November 17-18, 2006
University of the Sacred Heart and the University of Puerto Rico, Rio Piedras
San Juan, Puerto Rico

Thomas Bonner, Jr., Chair, Department of English, Xavier University of Louisiana


The many attributes and descriptions applied to the Millennial Generation of students have emerged in the period when, for them, 9/11 is becoming a distant memory, and the advertisements during the 2006 Superbowl are recent ones. They are in academic institutions during a time of war that doesn’t seem like “wartime” and during a time when they are free to make decisions for themselves without external obligations to community or country. Most students are not under any pressure to do more than fulfill their obligations as students, enjoy their semi-independence, and think about their futures and the material acquisitions that might accompany them. The majority of these students have not been tested by natural or physical forces beyond their circumference of control.

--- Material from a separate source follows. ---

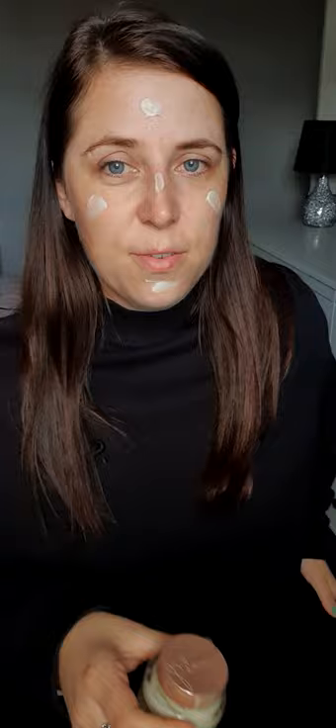So once all that is done, I'll go in with the Lisa Armstrong primer first. This is a moisturiser as well as a primer and it smells really nice. This has been compared to the Bobbi Brown, which is £45, so a massive saving if you like the Bobbi Brown.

The college students in New Orleans, however, have been tested by epic forces of nature and society during the academic year 2005-2006. It is likely that their tests will continue for the duration of their college programs. Hurricane Katrina hit the city of New Orleans on August 29, 2005, and within hours of the cessation of winds, flood waters poured through breaks in levees to cover 80 % of the city in water as deep as twelve feet. The water stayed for several weeks covering all or parts of university campuses and closing the institutions for the entire fall semester. Many students had evacuated prior to the storm, but many had not. Their experiences suggest that the millennial students about whom society seems to have so many questions are in fact reservoirs of strength, commitment, and service.

In 2006, when 3100 of our 4000 students returned to campus during the second week of January for the extension of the Fall 2005 semester, they found Xavier University a damaged island amid an urban sea of ruins. The first floors of all buildings had been flooded with up to five feet of water that lasted for two weeks. Some upper floors of high rise buildings had wind and rain damage. For three months construction workers had occupied the campus. They were the only campus residents living in trailers on the parking lots. They were still there when students returned. For a University founded for people of color, especially African Americans and Native Americans, the many Mexican workers contributed to a different milieu, despite the growing presence of Vietnamese Americans on campus. The students found campus recreational facilities limited, e.g. the gym had lost its floor; the cafés in the University Center and a classroom building had been destroyed. While the chapel could no longer be used, the small chapel in the former convent that had been converted to a conference room had been returned to its original purpose. The residence halls all had damage and were operating but in various stages of recovery. Phone service was out for several weeks, and power was inconsistent.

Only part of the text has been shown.